Tenants bicker and nibble at one another, “characters” in the classic sense of the word bluster, and bash in and out of the cramped living room. Sammy’s thrown into a world of rotted love, mental illness, infidelity, and intergenerational trauma and is submerged at lightning speed.
Various actors meld the corpulent script into something resembling reality. Rider as Sammy’s alcoholic father Leo is one. A rambling, angry, and desperate man broken by having to flee his homeland (Hungary). Nicholas Day as the Rabbi brought in to try and straighten out the family’s woes has the mystic, and measured pace of a holy man. Sue Kelvin is the knees-up-mother-Brown landlady of yesteryear. Gossiping and tangoing in the hallway duster in hand, ready rebukes barked out at “them upstairs” who are late with the rent. A much-needed but swamped comic relief.
Along with very occasional flashes of comedy, the Rabbi’s scene: where the family and their neighbours share Challah bread and gefilte fish on sabbath is an excruciating but delightful domestic battle. Even loaned China, shop-bought delicacies, and a religious representative can’t stop Leo and Shani from ripping each other apart, complicated by upstairs neighbour Mrs. Pond’s (Alix Dunmore) unsettling delusional outbursts. We have all struggled through a dinner or lunch that seemed to be transported to hell and this is the only point where the characters make sense as a microcosm.

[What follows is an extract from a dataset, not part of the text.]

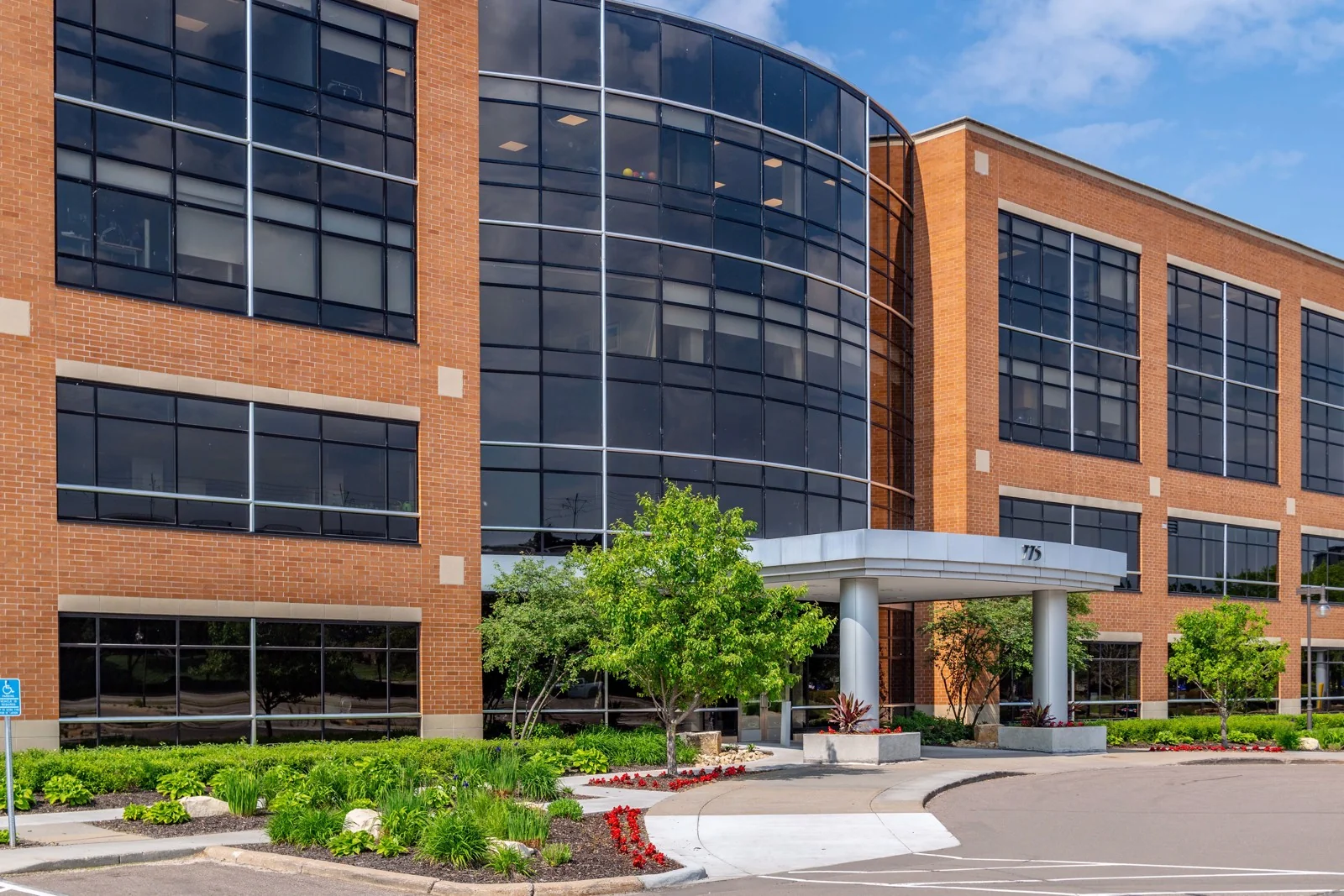 Flagship Corporate Center — Lease in Eden Prairie, MN, photo 4 of 8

This however is the exception to the rule. Whether it is the frequent butchering of lines, the frigid blocking, or the text itself, the characters are shadow puppets, not people. One tone throughout, oppressive misery and allegory are leaped into so quickly and readily in each interaction, it has the feeling of theatrical speed dating. Tricia Thorn has a keen eye for dusting off neglected plays but her directing has characters regularly monologuing straight through walls. The interactions become unbelievable and the piece ricochets in emotional intensity.

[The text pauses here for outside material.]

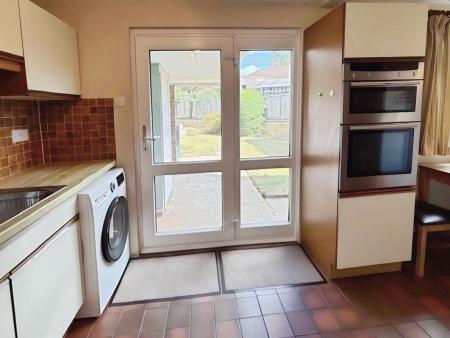 3 bedroom Detached house to let in Eaton Bray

Hasting’s play sits right in the angry-young-men era of British playwriting, in the same year as John Osborne’s seminal Look Back in Anger. Don’t Destroy Me’s frantic pace, and overloaded dialogue threatens to douse the story. The uninterrupted monologues, cyclical and repetitive content wear down our interest and willpower. The reality that Sammy is only in this house of mirth for a little over a week before he loses his religion, optimism, and sanity is a hard pill to swallow. The domino effect breakdowns and misty symbolism along with some shaky performances means that we fail to connect, being given few rays of hope. The characters are reeling from the unimaginable horrors of WW2, and unmitigated hopelessness is one of the play’s only lasting effects.